╭─ ENTRIES PROVIDED

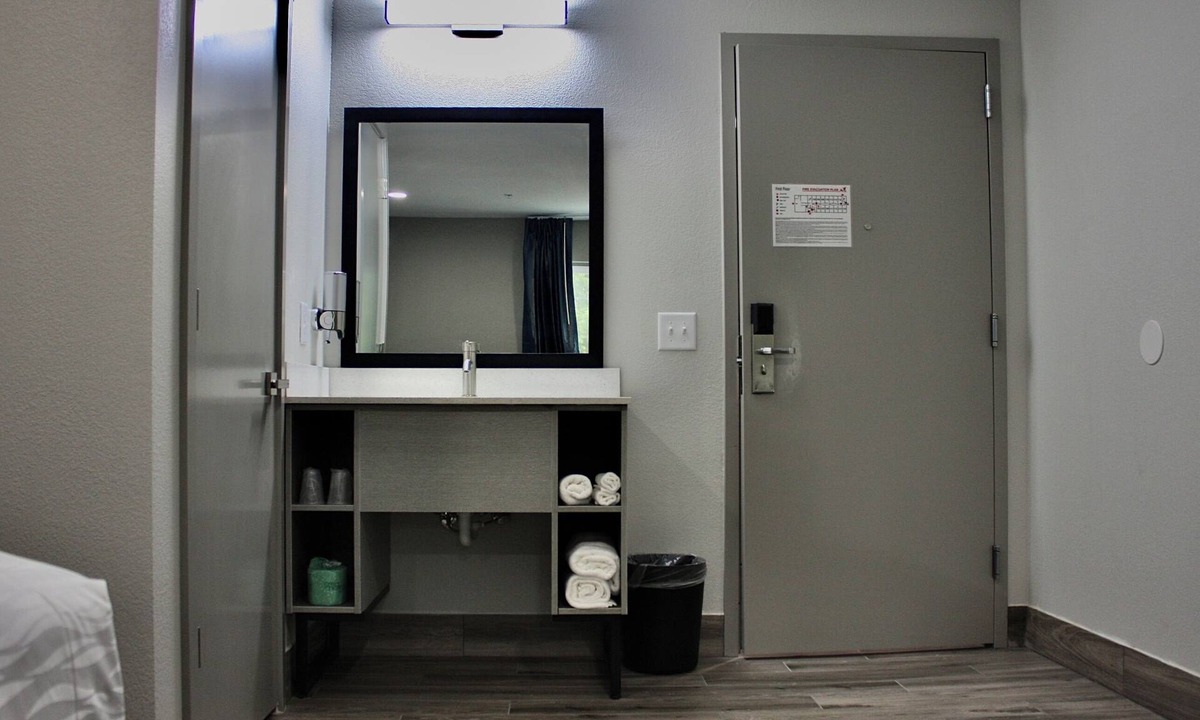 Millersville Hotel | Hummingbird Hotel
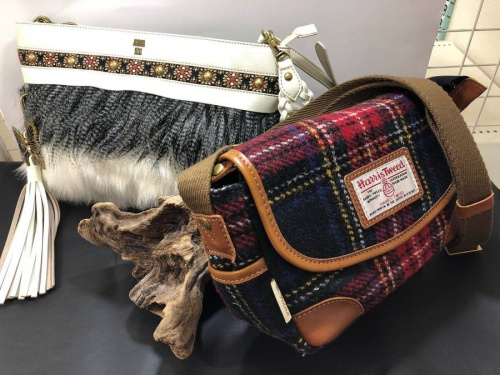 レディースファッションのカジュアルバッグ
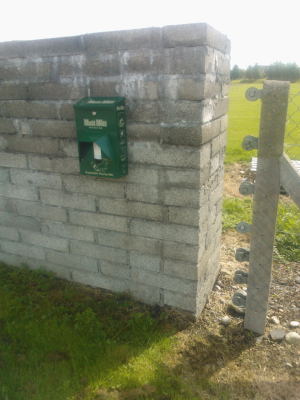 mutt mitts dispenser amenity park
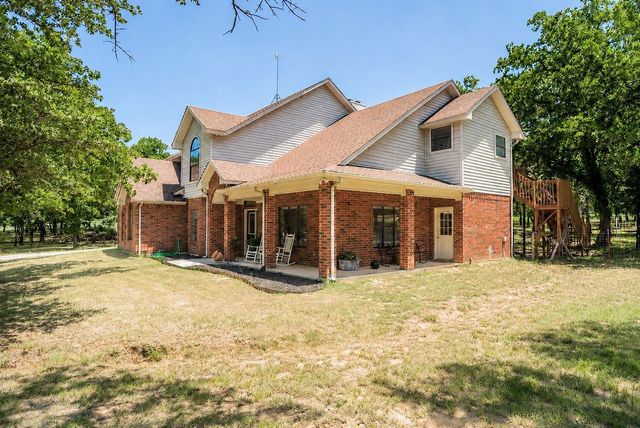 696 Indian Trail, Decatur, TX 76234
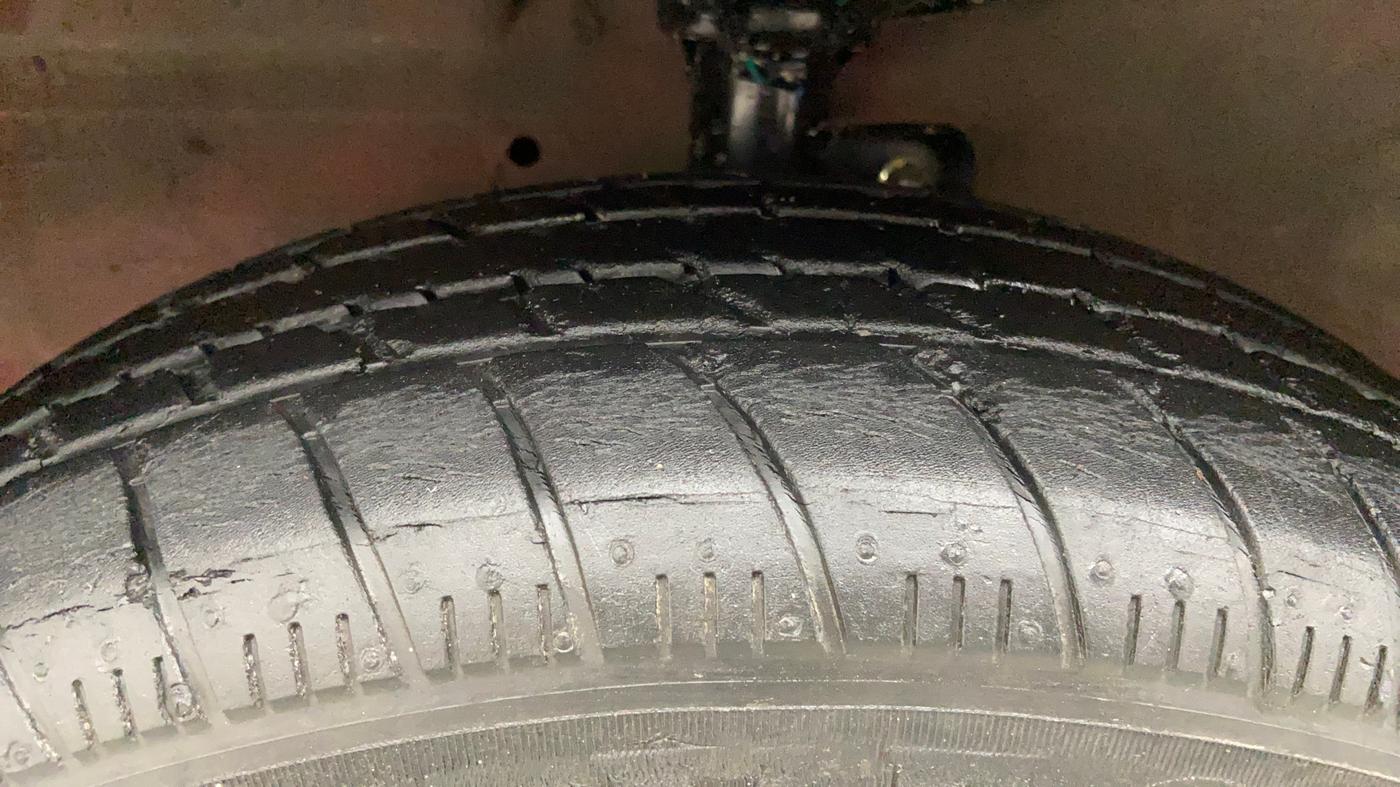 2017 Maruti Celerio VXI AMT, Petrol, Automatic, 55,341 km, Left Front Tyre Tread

╰─

#### [ABOUT THIS TASK]
Repeat nothing but the lines from the one containing "696 Indian Trail, Decatur, TX 76234" through the end of the entries, exactly, and skip the pictures.

#### [EXERCISE ANSWER]
 696 Indian Trail, Decatur, TX 76234
 2017 Maruti Celerio VXI AMT, Petrol, Automatic, 55,341 km, Left Front Tyre Tread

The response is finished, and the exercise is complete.